(Short text fragments from websites)
=-=-=-=-=

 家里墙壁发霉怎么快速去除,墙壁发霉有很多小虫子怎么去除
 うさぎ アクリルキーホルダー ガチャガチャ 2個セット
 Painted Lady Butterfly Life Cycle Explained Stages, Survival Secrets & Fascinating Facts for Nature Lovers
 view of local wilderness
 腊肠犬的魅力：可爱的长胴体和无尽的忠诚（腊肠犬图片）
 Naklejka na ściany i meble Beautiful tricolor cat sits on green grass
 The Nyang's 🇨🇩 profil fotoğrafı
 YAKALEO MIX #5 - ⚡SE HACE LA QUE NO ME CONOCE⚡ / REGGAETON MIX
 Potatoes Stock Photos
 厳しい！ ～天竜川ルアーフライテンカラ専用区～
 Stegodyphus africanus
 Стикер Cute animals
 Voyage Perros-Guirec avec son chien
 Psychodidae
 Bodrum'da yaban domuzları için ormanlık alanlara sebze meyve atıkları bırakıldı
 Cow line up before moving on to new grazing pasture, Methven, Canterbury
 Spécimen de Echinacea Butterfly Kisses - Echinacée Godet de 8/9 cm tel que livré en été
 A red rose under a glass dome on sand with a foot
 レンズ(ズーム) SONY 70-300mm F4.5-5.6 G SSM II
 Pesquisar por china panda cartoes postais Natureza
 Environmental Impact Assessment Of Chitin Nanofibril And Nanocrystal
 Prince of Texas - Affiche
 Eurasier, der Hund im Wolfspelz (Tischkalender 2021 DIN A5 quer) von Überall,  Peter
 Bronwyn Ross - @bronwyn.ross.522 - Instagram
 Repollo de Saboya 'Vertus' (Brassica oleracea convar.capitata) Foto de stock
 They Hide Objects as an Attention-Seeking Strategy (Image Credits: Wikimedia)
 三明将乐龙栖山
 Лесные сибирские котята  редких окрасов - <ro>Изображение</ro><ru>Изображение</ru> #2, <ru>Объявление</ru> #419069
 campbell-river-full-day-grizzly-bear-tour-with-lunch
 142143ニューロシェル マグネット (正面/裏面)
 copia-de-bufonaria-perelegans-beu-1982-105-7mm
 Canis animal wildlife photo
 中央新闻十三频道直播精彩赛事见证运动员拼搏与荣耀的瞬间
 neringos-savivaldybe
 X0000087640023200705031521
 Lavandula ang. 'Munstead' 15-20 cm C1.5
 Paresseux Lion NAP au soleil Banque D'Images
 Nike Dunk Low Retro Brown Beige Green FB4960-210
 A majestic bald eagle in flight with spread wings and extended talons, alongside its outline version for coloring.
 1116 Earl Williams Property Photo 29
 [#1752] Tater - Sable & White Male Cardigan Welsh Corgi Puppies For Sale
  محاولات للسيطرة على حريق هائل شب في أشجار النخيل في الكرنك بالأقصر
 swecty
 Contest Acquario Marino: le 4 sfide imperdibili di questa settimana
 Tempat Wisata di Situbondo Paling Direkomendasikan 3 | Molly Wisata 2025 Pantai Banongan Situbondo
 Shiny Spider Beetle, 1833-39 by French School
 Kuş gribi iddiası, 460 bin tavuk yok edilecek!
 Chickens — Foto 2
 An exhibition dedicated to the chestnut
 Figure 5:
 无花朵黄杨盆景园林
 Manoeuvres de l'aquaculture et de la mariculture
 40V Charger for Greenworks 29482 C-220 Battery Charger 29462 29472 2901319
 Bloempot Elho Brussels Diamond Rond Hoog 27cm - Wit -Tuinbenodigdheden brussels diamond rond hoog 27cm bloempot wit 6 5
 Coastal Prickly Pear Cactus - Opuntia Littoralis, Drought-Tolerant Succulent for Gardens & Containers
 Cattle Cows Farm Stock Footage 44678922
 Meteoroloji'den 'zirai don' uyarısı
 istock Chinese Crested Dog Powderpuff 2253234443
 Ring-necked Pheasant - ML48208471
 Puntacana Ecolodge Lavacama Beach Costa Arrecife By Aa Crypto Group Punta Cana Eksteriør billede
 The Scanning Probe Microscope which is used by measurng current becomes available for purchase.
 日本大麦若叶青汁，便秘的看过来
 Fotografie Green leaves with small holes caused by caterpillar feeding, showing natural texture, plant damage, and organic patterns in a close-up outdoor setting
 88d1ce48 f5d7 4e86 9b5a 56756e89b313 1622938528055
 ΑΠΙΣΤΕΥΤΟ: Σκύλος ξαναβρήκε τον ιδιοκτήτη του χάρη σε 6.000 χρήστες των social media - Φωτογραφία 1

=-=-=-=-=

**EXERCISE OBJECTIVE**
All lines in the data above from the one with "Spécimen de Echinacea" through the one with "Environmental Impact Assessment" must be repeated exactly, and no others.

**EXERCISE OUTPUT**
 Spécimen de Echinacea Butterfly Kisses - Echinacée Godet de 8/9 cm tel que livré en été
 A red rose under a glass dome on sand with a foot
 レンズ(ズーム) SONY 70-300mm F4.5-5.6 G SSM II
 Pesquisar por china panda cartoes postais Natureza
 Environmental Impact Assessment Of Chitin Nanofibril And Nanocrystal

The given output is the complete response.